Außerdem ist es wichtig, eine unabhängige Unit innerhalb des Unternehmens zu schaffen, die schnell arbeiten kann, um das Beste aus einem iterativen Ansatz mit einer „Fail-Fast“-Einstellung herauszuholen - sozusagen eine Start-up-Mentalität innerhalb einer größeren Organisation zu übernehmen. Es ist wichtig, diesen Innovationseinheiten die Freiheit zu geben, zu experimentieren - natürlich innerhalb der Grenzen eines genehmigten Budgets und realistischer Ziele. Und testen Sie Ihre Produkte immer mit Kunden. Immer.
Die größere Herausforderung ist eigentlich die geschäftliche Seite der Dinge. Sobald Sie ein funktionierendes Werkzeug haben, müssen Sie sich Gedanken über die kommerzielle Nutzung und möglicherweise sogar die Monetarisierung machen. Man muss eine Idee in ein Produkt oder eine Dienstleistung umwandeln.
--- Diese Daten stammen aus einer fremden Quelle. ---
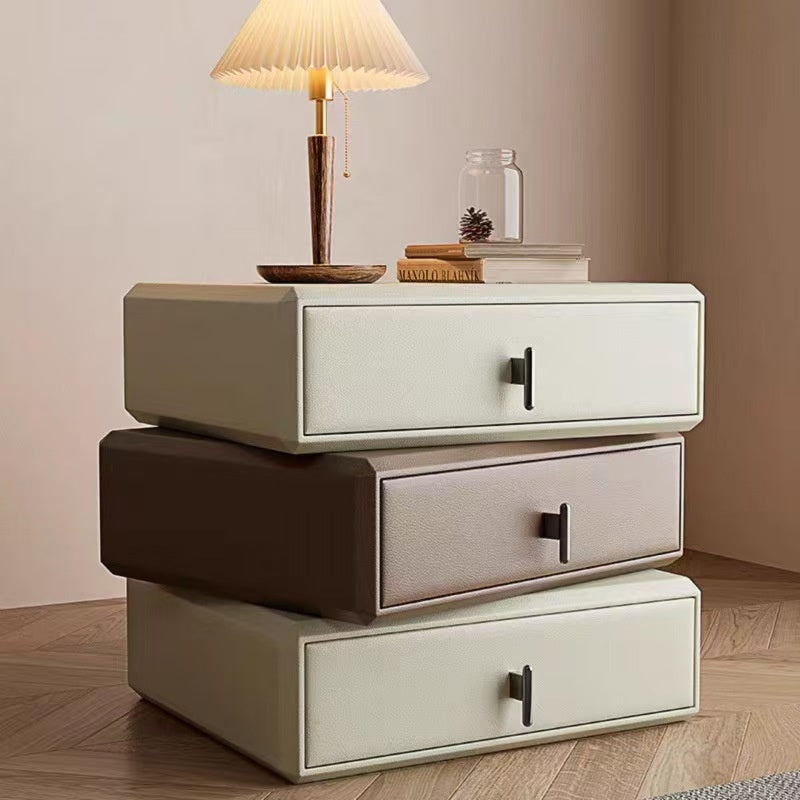 Italian Luxury Style Rotatable Nightstand with Three-layer for Bedroom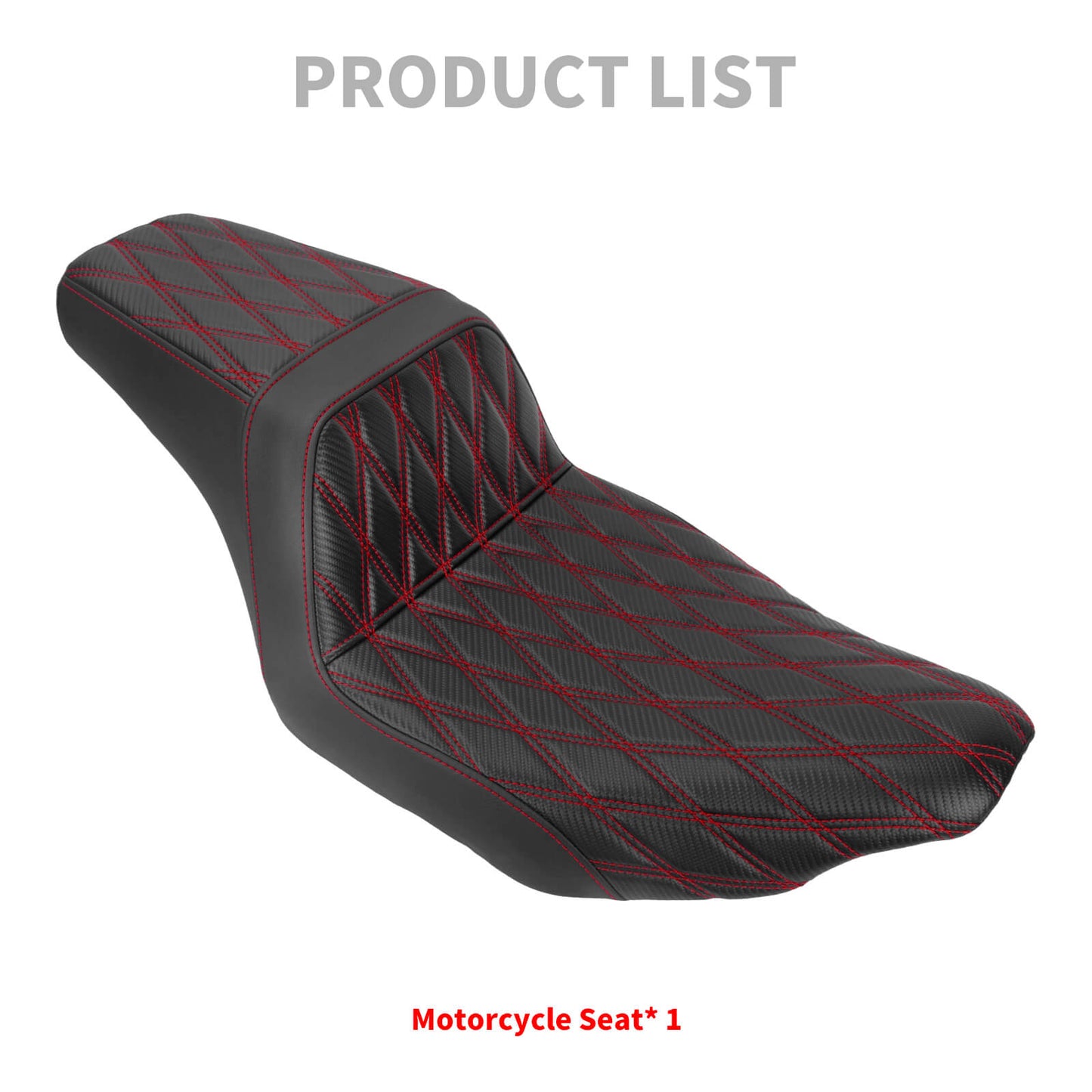 Driver Passenger Two-Up Seat Red Stitching For Harley Touring 2024-UP | HCmotorku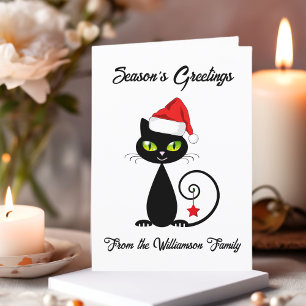 Seasons Greetings Black Santa Claus Christmas Cat Holiday Card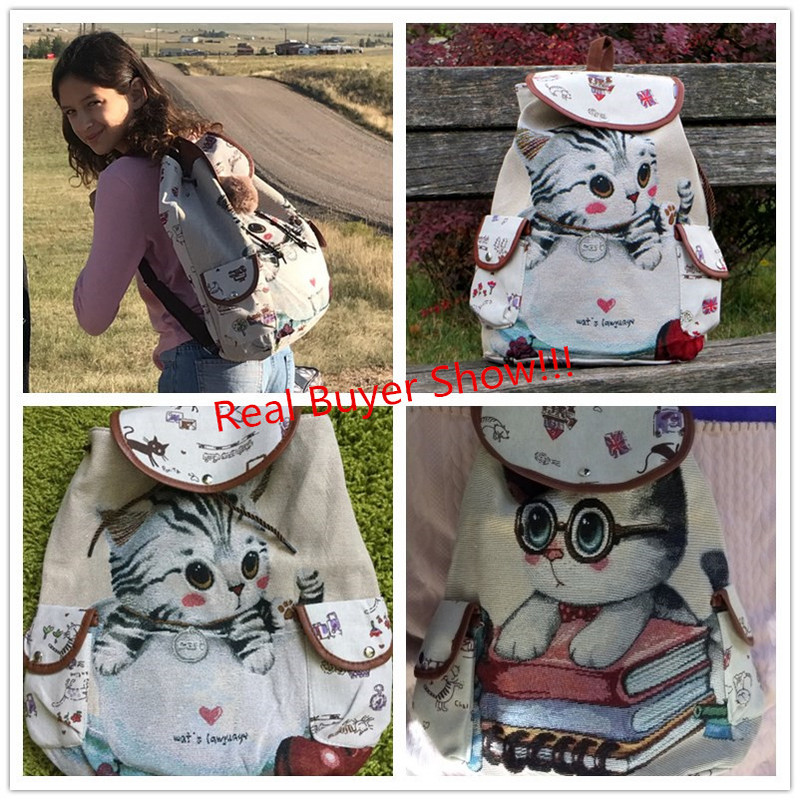 Σχολικό σακίδιο πλάτης Miyahouse Casual Canvas Women Lovely Cat με τυπωμένο κορδόνι πλάτης Teenager Γυναικεία σχολική τσάντα μεγάλης χωρητικότητας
Dazu müssen die internen Prozesslandschaft neu definiert und Schulungen durchgeführt werden, um sicherzustellen, dass das Instrument aktiv genutzt wird, damit es überhaupt eine Chance auf Erfolg hat. Die Menschen davon zu überzeugen, dass eine Verhaltensänderung in ihrer Arbeitsweise erforderlich und für sie von Vorteil ist, ist der schwierige Teil, der oft mehr Zeit in Anspruch nimmt als die Entwicklung des Tools selbst.